Wednesday, June 14, 2017

pleasant surprises



  












I am so amazed when I think about all the natural beauty we are surrounded with here in central Washington.  We can drive just a fairly short distance and reach oceans, mountains, plateaus and prairies, glaciers, river gorges, waterfalls, and more.  Today was a day off for Jesse so we hopped in the car and drove an hour and half to the Columbia River and planned to visit a museum I had known about but never really researched.  I was so pleasantly surprised by the experience!  Since we were able to get in free because our library provides a free family pass to the Maryhill Museum of Art (which meant I really wasn't sure if it would be that great since free doesn't always equal stunning), it was well worth the plan and if it was a bust we'd just head further down the Washington/Oregon border to some little hike or something.  No hike needed.... the art museum was incredible, housed in a mansion atop the Columbia Gorge, right above the river rushing by below.  The museum had a big variety of exhibits, but our favorites were the Native American articles from all over North America; Plateau tribes, Coastal tribes, California tribes, Southwest tribes, Inuit tribes.  The collection of baskets and baby boards and tools and photographs was beautiful and I wished I had more time in there but the kids were getting antsy.  I had no idea there was a pretty large collection of Rodin sculptures as well which was my other favorite.  Many of his plaster casts were there which was fun to think about - practice models for the marble work later.  There were also several Greek artifacts from several thousand years ago!  The grounds contain several outdoor sculptures and a picnic area, so we enjoyed relaxing in the grass and since I am recovering from a sinus infection, I rested while Jesse took the girls around to see the sculptures.  It was a sweet day and the girls were sad to leave. It was quiet and calm with no crowds, and we really only got through half of the museum or so, so another trip is in our future.

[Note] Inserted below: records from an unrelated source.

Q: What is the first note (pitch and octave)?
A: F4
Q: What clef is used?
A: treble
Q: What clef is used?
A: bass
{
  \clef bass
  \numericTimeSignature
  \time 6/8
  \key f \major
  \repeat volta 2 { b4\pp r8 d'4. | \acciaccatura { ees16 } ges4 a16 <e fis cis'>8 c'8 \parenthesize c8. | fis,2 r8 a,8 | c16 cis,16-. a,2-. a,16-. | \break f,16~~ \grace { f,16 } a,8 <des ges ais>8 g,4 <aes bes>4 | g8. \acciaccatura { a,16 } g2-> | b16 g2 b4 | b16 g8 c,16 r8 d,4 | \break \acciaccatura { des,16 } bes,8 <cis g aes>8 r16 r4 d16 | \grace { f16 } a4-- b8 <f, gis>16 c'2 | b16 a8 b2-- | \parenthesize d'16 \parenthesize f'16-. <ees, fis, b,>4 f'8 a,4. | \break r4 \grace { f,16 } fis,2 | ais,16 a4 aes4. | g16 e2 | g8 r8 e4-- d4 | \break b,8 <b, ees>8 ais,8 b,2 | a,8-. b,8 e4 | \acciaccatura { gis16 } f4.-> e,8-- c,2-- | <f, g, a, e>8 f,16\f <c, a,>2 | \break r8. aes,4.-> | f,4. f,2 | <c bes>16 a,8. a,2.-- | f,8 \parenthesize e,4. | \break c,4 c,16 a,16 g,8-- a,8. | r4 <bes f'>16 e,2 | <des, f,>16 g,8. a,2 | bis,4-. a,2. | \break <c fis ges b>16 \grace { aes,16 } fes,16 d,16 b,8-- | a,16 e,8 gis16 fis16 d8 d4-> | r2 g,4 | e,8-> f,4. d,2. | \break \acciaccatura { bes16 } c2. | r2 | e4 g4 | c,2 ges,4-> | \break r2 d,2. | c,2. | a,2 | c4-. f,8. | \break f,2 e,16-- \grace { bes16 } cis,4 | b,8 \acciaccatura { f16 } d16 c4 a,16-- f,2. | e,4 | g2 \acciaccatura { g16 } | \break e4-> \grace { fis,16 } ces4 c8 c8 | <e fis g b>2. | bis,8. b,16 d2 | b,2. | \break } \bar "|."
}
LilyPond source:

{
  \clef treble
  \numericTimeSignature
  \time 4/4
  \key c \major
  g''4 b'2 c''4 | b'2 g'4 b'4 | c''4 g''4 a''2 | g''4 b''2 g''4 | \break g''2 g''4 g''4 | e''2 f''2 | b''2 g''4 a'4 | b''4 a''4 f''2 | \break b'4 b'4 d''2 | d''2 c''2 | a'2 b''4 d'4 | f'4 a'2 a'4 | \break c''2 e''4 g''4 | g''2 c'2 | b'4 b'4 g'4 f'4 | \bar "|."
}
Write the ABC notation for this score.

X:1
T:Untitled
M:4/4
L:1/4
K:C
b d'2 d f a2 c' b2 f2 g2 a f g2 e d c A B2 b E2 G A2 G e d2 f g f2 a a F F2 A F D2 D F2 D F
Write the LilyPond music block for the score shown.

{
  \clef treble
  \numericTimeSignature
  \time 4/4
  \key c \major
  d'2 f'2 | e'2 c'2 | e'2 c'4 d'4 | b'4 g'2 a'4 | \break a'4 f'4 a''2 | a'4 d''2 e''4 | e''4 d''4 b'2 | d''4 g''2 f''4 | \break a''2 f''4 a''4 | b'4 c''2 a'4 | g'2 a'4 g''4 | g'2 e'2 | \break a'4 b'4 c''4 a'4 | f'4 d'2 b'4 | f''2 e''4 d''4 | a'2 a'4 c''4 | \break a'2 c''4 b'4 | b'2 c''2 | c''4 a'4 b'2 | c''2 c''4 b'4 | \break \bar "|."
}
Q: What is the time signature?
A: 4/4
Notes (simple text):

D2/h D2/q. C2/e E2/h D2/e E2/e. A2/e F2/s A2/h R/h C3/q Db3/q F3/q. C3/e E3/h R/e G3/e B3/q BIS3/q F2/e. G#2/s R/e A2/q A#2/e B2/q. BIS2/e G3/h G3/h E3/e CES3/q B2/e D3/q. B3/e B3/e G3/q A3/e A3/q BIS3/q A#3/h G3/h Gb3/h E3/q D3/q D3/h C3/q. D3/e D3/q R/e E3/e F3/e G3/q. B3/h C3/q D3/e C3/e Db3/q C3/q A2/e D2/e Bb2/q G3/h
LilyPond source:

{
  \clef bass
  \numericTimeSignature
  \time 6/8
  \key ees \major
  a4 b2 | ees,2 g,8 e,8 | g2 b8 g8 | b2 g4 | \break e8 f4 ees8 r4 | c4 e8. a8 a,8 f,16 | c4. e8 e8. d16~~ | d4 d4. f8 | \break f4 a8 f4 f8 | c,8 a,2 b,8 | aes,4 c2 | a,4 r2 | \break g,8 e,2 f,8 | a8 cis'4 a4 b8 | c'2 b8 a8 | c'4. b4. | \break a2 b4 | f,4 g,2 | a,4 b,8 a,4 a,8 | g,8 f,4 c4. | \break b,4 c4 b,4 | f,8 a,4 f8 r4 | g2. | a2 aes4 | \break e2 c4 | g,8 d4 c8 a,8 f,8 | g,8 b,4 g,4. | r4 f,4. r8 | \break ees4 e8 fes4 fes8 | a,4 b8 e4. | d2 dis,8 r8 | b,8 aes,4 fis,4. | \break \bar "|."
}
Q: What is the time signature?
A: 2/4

While I rested I worked on my newest knit:  a little short sleeved shirt (pattern: Sorello) for Millie in some gifted Fancy Image Yarn yarn from a sweet reader here.  Isn't the yarn stunning?!  I am thrilled by the bright vibrant colors as they unfold in each row and Millie says, "Oh mom!  Is that for me!!?"

Thursday, June 08, 2017

school end and summer ideas












We have loved this school year.  I've shared several times about our work and plans this year and now it comes to a temporary close!  Lyddie and I enjoyed Ambleside Online Year 1 and I will get to do it all over again with Millie next year.  We skipped a few books (i.e., the D'Aulaire's Buffalo Bill and Pocahontas, anyone else skip those?) because I wasn't satisfied with the portrayal of Native America and the history included in those specific books, but will substitute with anything I can find that I like better; I'm still trying to find time to pre-read Bulla's version of Pocahontas before deciding whether to give it to Lyddie to read herself.  However, my kids will naturally have a lot of opportunity to learn Native American history and culture so I'm not terribly concerned at the moment.  

We read a lot of beautiful picture books in our morning times (lots of AA Milne and Beatrix Potter and Robert McCloskey and Virginia Lee Burton!); we read Life of Fred: Apples, did lots of nature sketching, some classical music study and learned several folk songs.  We completed Level A of RightStart math and whole year of Spell to Write and Read; Lyddie and Millie both learned cursive and got through SWR levels A through I.  I was so proud of all their hard work and pleased to see such tremendous improvement in their spelling skills.  We enjoyed several Chalk pastel tutorials which were always a highlight of the day each time we did them. 

Lyddie and I read many fairy tales, several beautiful retellings of Shakespeare plays, learned the geography of the American Midwest using Holling's Paddle to the Sea, became acquainted with several birds through the Burgess Bird Book, learned about ancient British and Scandinavian and church history using the books Our Island Story and Viking Tales and Trial and Triumph. She learned to cross-stitch and continued with her knitting. It's been a lovely year even with all the bumps and chaos and changes. Millie and Rosie spent a lot of time running and playing outside in the ice, in the wind, in the sunshine, helping plant the garden, water the plants, caring for our animals, and coming up with creative things to do with paper and scissors and glue.  Millie learned how to cross-stitch and loved learning to use a knitting doll and her nature sketchbook is beautiful; she has a natural talent for drawing.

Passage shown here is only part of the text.